ORP: TP: Vineland: disclaimer & another lyric passage

I have this ability (some would say a fault) to compartmentalize when I am reading a book--I had to deal with the fact long ago (maybe 6th grade?) when I would read things that I would either not agree with or violently disagree with. The same is true for literature in the English language in the twentieth century and later. In the Thomas Pynchon novel, "Vineland", that I am almost finished reading is a case in point. There are passages that, as a Christian, I would consider 'downright' obscene in this novel. I don't think it is necessary to go into explicit detail when describing the typical immoral behavior of the common character of a story. So, I give warning that in this novel, as in much modern fare, there are portions that I not only don't endorse, but heartily disavow.

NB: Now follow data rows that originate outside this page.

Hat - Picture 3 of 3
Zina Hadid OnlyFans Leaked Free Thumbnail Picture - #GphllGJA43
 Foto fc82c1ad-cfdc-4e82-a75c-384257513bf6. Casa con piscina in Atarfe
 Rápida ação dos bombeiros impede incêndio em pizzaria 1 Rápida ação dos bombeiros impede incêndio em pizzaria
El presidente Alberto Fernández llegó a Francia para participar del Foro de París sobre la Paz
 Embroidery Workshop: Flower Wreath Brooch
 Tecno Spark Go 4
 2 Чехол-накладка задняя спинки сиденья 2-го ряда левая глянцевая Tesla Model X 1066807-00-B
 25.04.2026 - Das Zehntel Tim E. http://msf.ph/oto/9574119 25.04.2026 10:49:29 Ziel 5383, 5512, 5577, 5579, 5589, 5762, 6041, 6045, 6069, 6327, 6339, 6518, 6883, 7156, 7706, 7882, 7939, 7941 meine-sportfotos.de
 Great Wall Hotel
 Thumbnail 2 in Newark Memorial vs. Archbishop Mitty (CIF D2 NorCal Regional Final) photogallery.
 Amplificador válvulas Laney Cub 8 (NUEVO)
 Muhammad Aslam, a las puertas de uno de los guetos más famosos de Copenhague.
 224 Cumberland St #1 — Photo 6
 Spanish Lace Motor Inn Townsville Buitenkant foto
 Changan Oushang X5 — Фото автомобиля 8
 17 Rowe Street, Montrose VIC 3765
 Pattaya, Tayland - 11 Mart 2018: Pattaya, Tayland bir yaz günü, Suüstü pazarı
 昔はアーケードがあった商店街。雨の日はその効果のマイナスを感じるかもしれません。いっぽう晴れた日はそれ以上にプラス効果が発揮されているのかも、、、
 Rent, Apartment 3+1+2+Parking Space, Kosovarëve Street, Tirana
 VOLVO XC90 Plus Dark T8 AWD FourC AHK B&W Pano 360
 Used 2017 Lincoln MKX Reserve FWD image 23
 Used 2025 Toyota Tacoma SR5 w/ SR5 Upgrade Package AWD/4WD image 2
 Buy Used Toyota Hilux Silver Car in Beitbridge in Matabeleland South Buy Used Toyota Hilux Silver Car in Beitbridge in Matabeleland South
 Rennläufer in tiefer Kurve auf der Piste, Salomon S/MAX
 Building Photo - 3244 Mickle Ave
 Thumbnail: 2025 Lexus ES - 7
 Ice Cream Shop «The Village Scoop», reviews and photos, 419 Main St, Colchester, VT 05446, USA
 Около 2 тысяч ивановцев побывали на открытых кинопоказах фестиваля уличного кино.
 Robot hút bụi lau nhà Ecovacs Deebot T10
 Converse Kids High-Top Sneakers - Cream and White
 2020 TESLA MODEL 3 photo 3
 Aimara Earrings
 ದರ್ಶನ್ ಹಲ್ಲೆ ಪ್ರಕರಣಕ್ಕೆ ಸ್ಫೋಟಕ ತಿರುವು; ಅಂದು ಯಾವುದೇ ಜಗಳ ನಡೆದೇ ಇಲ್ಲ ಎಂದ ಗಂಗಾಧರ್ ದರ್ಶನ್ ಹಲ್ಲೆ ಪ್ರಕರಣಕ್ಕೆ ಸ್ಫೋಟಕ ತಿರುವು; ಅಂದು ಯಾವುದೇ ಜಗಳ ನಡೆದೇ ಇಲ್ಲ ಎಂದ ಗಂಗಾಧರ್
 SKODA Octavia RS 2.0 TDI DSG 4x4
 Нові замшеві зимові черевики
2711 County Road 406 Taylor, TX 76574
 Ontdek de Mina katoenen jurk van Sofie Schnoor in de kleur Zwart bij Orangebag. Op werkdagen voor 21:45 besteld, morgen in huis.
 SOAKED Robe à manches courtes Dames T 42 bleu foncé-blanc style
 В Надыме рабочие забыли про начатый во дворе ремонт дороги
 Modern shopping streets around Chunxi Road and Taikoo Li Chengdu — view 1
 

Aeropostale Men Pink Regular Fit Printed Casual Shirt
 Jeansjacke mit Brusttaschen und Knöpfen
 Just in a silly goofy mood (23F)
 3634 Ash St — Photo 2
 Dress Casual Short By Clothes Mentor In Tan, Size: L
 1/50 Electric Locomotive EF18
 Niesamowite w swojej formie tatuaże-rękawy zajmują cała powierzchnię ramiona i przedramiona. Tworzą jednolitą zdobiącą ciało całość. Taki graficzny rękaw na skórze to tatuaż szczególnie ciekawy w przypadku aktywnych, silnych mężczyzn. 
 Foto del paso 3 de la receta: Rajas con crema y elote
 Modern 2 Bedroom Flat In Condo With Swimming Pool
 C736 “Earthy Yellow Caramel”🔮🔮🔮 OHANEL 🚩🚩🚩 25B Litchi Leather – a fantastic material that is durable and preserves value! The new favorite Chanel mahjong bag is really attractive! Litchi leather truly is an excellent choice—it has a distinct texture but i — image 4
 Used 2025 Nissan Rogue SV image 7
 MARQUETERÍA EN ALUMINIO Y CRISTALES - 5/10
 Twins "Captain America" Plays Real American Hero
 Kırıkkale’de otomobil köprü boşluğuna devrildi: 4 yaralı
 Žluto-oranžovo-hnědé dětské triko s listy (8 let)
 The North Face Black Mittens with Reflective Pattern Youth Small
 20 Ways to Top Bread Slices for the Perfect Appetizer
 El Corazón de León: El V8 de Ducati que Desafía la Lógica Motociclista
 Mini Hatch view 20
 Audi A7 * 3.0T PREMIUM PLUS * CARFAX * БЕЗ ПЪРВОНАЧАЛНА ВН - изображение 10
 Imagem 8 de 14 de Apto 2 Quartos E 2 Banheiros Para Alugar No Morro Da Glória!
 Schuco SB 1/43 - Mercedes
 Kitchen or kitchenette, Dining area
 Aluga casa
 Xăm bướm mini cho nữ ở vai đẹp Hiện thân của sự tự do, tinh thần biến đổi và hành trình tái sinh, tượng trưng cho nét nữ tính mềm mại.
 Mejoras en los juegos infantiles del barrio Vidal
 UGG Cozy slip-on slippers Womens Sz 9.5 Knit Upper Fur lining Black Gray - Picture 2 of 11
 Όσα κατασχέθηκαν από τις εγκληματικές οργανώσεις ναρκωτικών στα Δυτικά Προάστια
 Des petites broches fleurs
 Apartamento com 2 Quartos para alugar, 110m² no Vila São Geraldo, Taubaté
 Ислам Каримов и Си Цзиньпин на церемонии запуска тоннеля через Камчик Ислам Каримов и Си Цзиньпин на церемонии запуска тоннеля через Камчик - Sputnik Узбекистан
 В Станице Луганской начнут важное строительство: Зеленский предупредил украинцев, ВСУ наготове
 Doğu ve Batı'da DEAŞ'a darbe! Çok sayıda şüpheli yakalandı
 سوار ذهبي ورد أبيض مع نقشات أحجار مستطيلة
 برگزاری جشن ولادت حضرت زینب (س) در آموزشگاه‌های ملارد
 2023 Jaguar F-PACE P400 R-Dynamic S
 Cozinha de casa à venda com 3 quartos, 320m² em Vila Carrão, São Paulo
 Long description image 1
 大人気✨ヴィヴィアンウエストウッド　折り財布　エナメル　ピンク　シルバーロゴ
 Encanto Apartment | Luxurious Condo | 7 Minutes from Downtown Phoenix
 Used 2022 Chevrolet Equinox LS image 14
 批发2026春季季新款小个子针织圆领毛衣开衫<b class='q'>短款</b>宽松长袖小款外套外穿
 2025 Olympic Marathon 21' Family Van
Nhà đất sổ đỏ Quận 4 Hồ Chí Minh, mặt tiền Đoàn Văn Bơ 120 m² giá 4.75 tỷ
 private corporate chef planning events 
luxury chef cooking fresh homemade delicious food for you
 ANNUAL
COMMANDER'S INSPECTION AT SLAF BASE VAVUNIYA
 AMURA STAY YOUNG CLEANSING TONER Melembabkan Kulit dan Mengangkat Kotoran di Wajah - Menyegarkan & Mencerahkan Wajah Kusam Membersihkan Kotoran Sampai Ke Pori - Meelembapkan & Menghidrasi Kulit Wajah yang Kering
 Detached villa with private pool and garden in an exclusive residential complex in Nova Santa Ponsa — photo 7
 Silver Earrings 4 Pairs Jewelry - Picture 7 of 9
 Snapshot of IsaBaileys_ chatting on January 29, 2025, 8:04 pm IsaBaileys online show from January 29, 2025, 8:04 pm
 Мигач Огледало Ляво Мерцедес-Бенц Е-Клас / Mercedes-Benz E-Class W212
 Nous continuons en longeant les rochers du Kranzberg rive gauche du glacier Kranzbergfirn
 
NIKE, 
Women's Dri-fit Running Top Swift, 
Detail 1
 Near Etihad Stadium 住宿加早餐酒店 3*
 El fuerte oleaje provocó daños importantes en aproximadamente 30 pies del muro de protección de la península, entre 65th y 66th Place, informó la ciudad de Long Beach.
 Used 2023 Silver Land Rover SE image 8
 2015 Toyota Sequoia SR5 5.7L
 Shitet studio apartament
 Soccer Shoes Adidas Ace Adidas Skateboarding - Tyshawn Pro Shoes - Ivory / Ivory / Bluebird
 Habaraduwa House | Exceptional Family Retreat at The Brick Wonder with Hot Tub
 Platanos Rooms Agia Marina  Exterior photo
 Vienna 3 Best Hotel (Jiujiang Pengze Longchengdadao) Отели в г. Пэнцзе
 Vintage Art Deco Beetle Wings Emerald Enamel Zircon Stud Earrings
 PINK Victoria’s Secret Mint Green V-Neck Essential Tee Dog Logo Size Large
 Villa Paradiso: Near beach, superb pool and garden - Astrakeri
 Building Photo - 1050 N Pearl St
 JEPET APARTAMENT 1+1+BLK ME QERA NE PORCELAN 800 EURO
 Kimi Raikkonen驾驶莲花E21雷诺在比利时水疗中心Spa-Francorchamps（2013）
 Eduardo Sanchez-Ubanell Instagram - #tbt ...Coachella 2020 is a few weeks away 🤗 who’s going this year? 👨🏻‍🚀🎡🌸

As long as these features in a work are not excessive, I can edit them from my consciousness and imagination and still enjoy the work.

I came across this description of a character's journey down the Ventura highway in California that shows why I can still enjoy a novel that unfortunately will have the above mentioned unsavory passages. Here is the description:

...swept along on the great Ventura, among Olympic visitors from everywhere who teemed all over the freeway system in midday densities till far into the night, shined-up, screaming black motorcades that could have carried any of several office seekers, cruisers heading for treed and more gently roaring boulevards, huge double and triple trailer rigs that loved to find Volkswagens laboring up grades and go sashaying around them gracefully and at gnat's-ass tolerances, plus flirters, deserters, wimps and pimps, speeding like bullets, grinning like chimps, above the heads of TV watchers, lovers under the overpasses, movies at malls letting out, bright gas-station oases in pure fluorescent spill, canopied beneath the palm trees, soon wrapped, down the corridors of the surface streets, in nocturnal smog, the adobe air, the smell of distant fireworks, the spilled, the broken world.